[Recorded data]
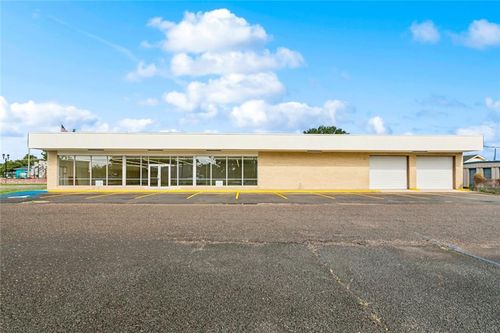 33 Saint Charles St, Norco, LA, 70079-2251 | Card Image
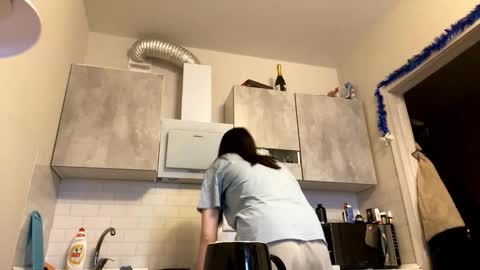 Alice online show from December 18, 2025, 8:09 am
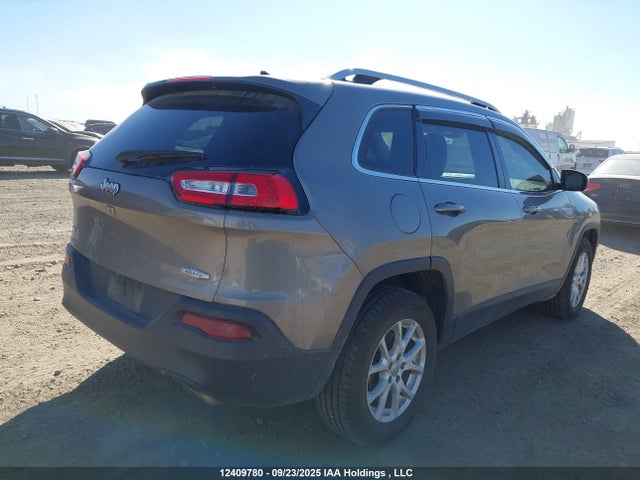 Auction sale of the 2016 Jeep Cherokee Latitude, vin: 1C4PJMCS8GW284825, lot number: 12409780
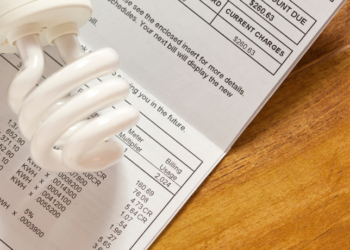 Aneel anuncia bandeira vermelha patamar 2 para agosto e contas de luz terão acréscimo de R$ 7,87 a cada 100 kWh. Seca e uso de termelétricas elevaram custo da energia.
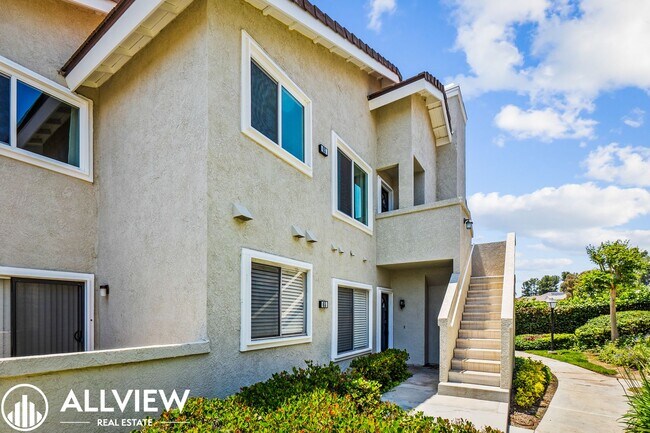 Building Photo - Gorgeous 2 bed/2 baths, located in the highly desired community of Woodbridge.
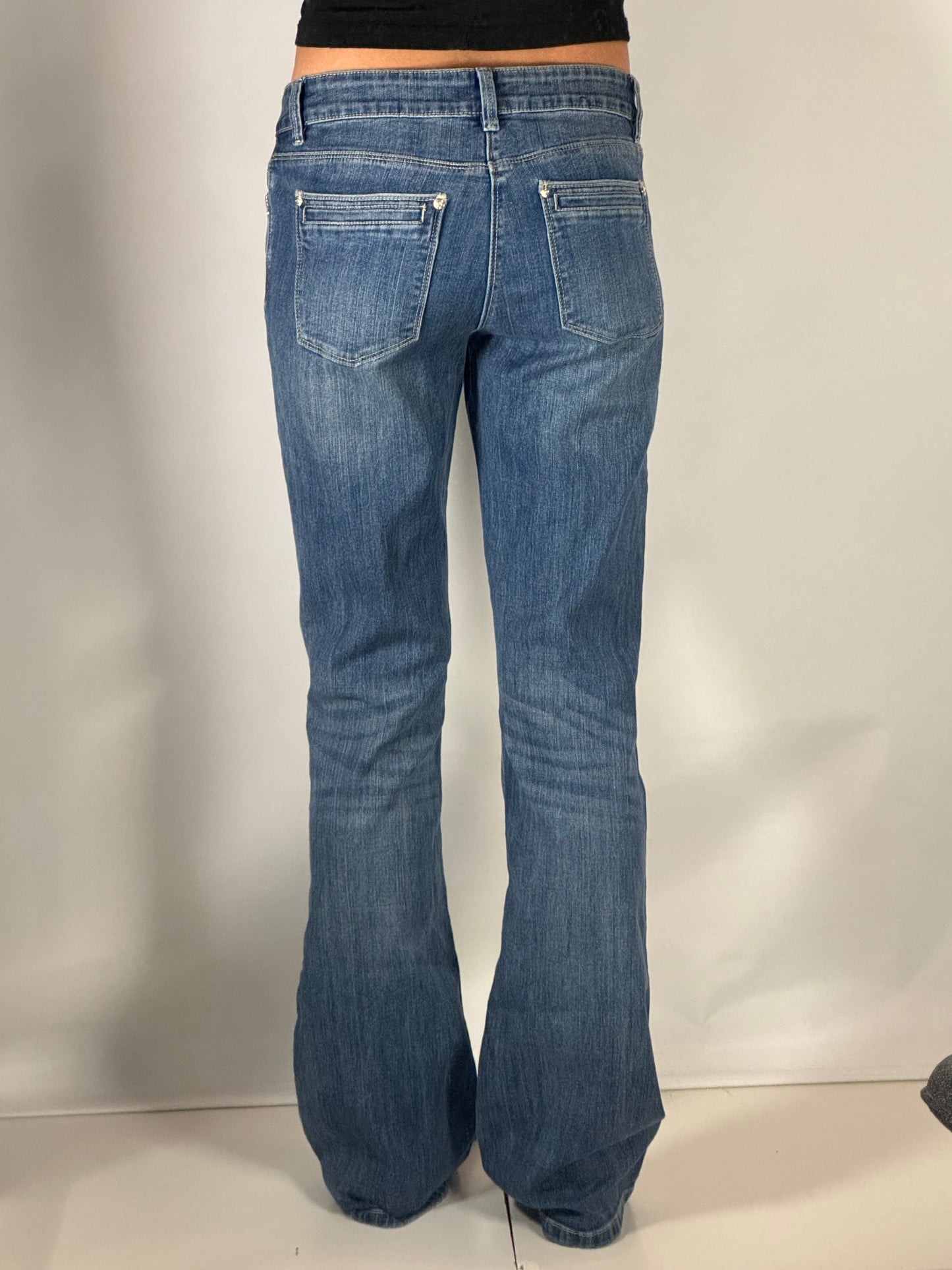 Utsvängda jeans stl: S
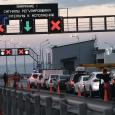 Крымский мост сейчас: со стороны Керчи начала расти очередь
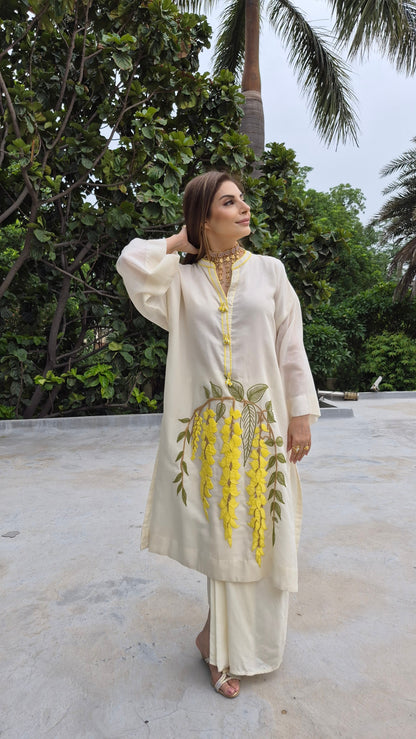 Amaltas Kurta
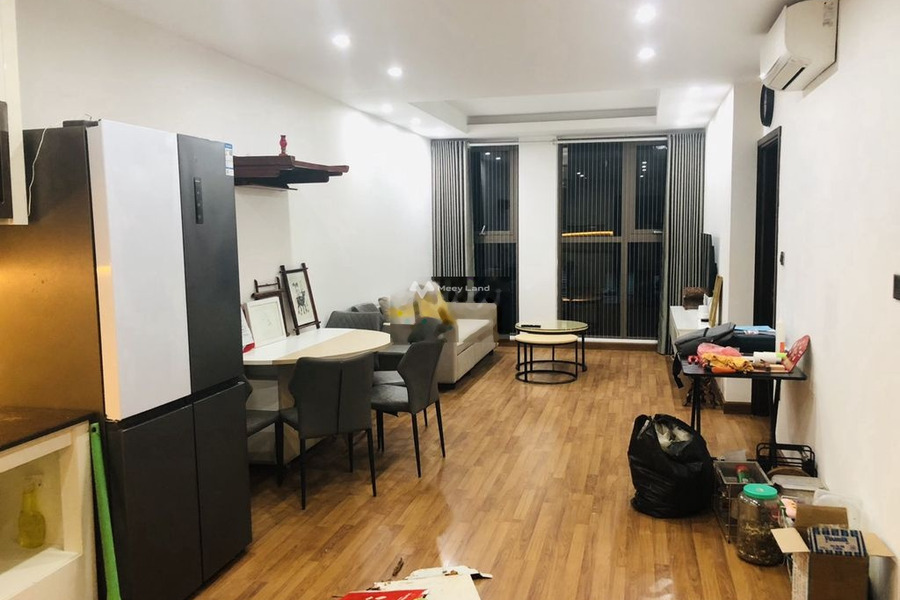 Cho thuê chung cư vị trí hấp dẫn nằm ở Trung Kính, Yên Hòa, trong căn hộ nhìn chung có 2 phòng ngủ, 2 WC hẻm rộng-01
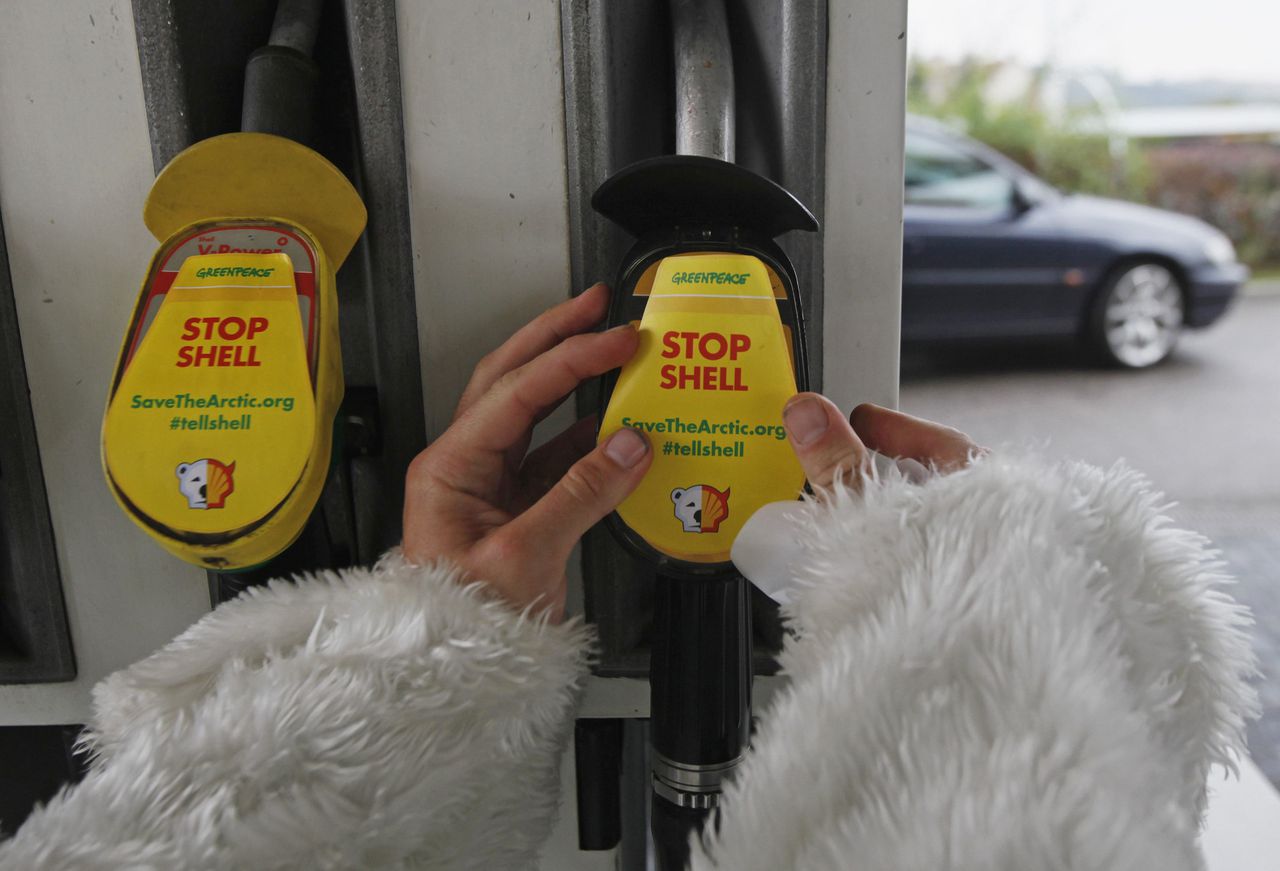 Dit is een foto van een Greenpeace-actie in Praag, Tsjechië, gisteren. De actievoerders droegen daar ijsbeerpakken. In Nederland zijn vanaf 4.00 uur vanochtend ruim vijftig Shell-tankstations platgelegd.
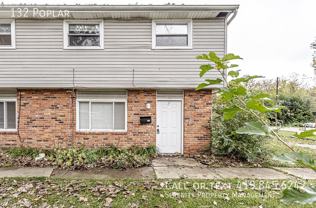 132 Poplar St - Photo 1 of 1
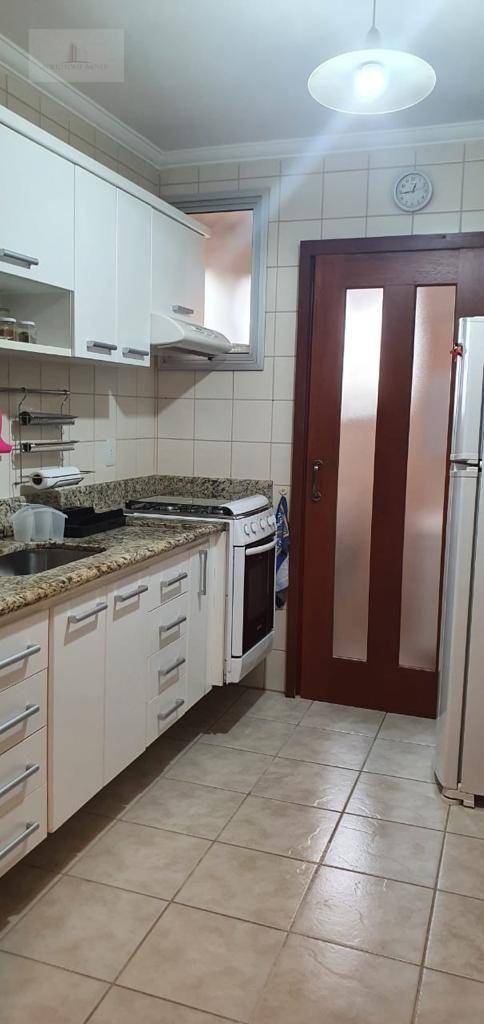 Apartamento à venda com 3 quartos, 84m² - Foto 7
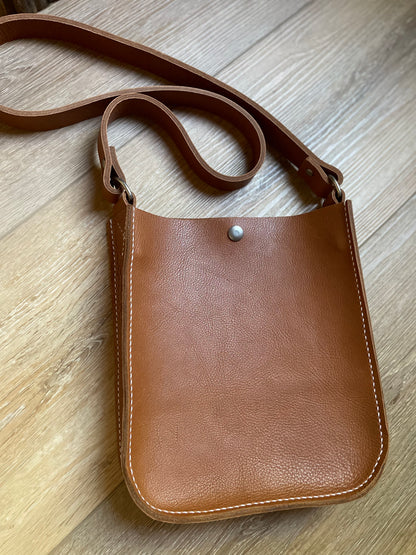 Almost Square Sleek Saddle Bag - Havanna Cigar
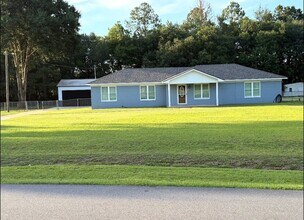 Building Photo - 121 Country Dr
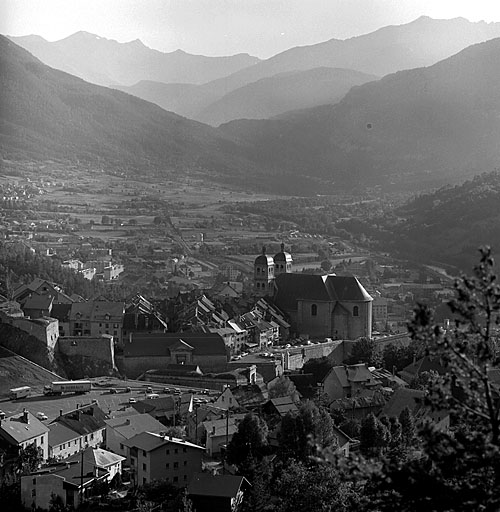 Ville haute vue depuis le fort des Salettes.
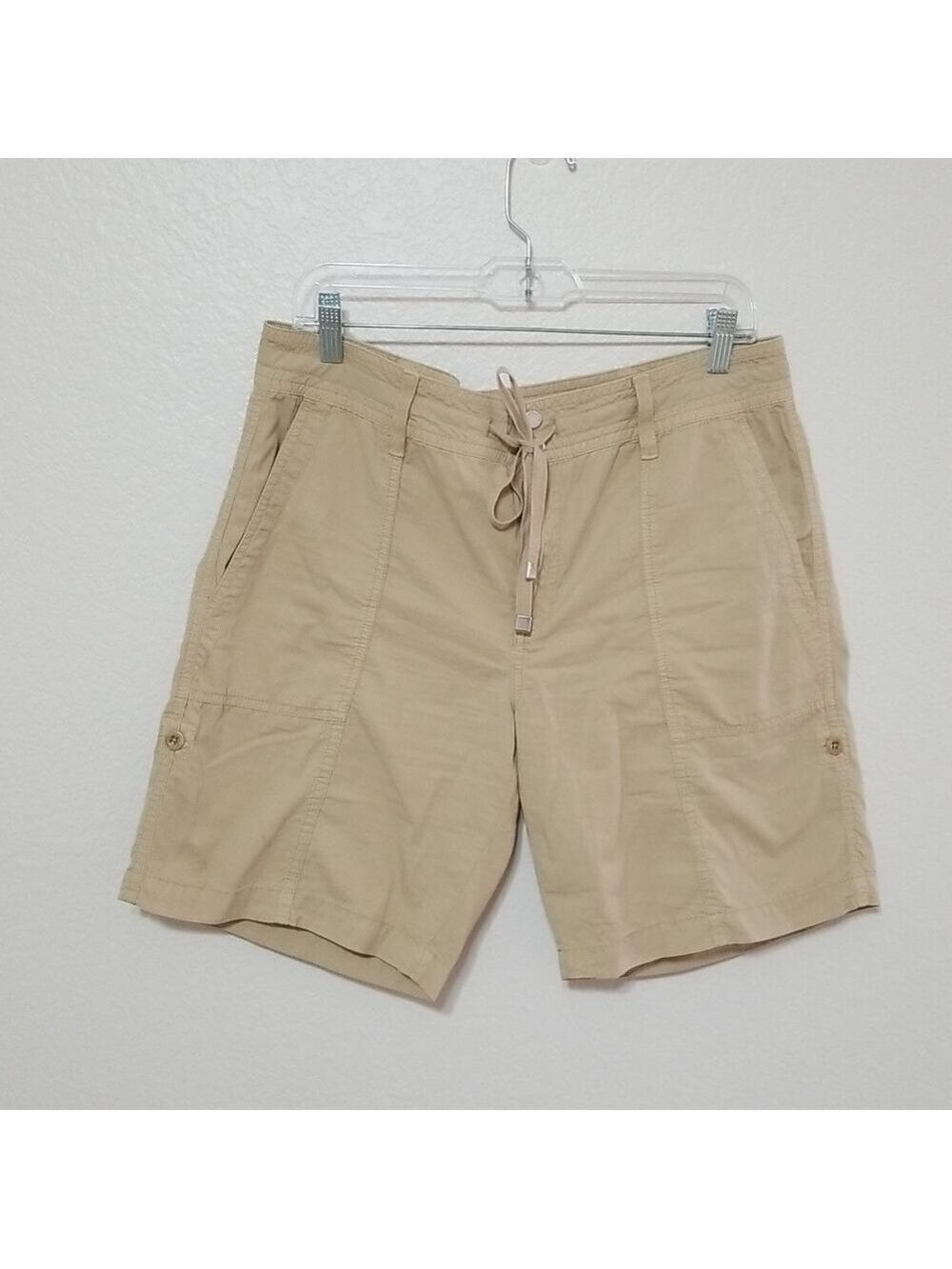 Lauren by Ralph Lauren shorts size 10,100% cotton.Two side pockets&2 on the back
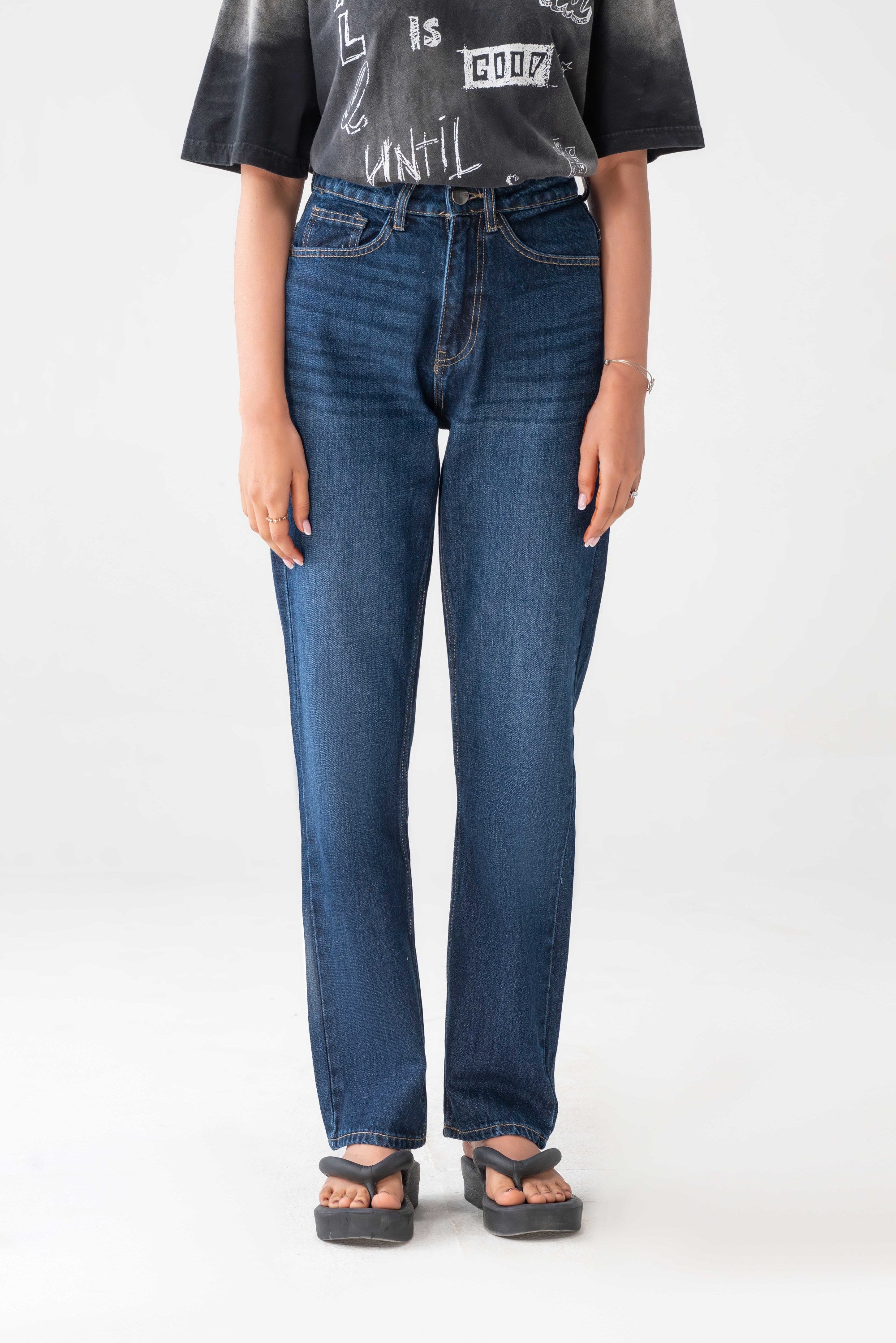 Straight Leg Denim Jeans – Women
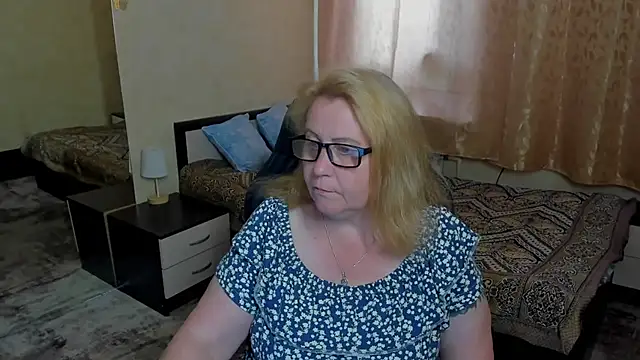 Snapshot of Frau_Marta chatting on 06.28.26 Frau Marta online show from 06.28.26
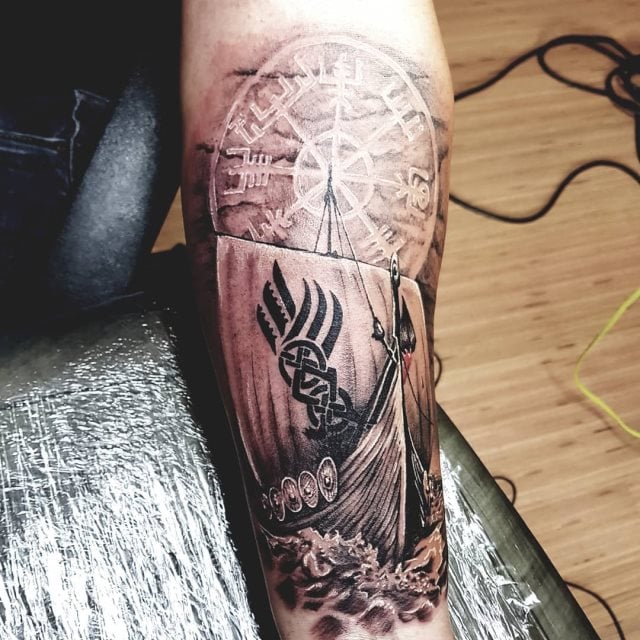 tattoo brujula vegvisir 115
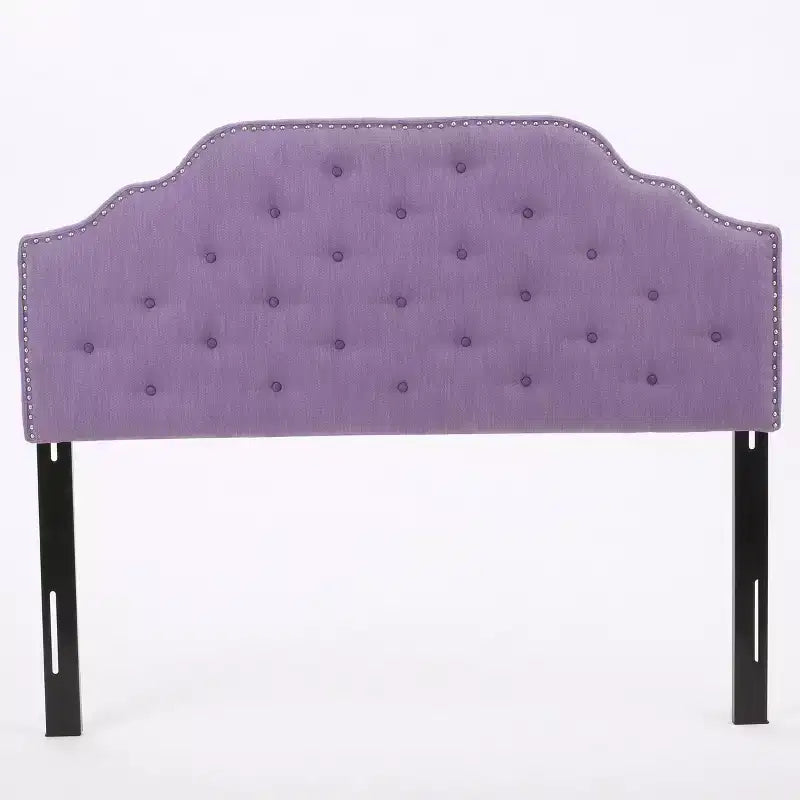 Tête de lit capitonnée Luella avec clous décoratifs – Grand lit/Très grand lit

Aim of the exercise
Text only, no pictures: please print exactly the lines above from the line with "132 Poplar St - Photo 1 of 1" up to and including the line with "tattoo brujula vegvisir 115", and nothing else.

Written answer
 132 Poplar St - Photo 1 of 1
 Apartamento à venda com 3 quartos, 84m² - Foto 7
 Almost Square Sleek Saddle Bag - Havanna Cigar
 Building Photo - 121 Country Dr
 Ville haute vue depuis le fort des Salettes.
 Lauren by Ralph Lauren shorts size 10,100% cotton.Two side pockets&2 on the back
 Straight Leg Denim Jeans – Women
 Snapshot of Frau_Marta chatting on 06.28.26 Frau Marta online show from 06.28.26
 tattoo brujula vegvisir 115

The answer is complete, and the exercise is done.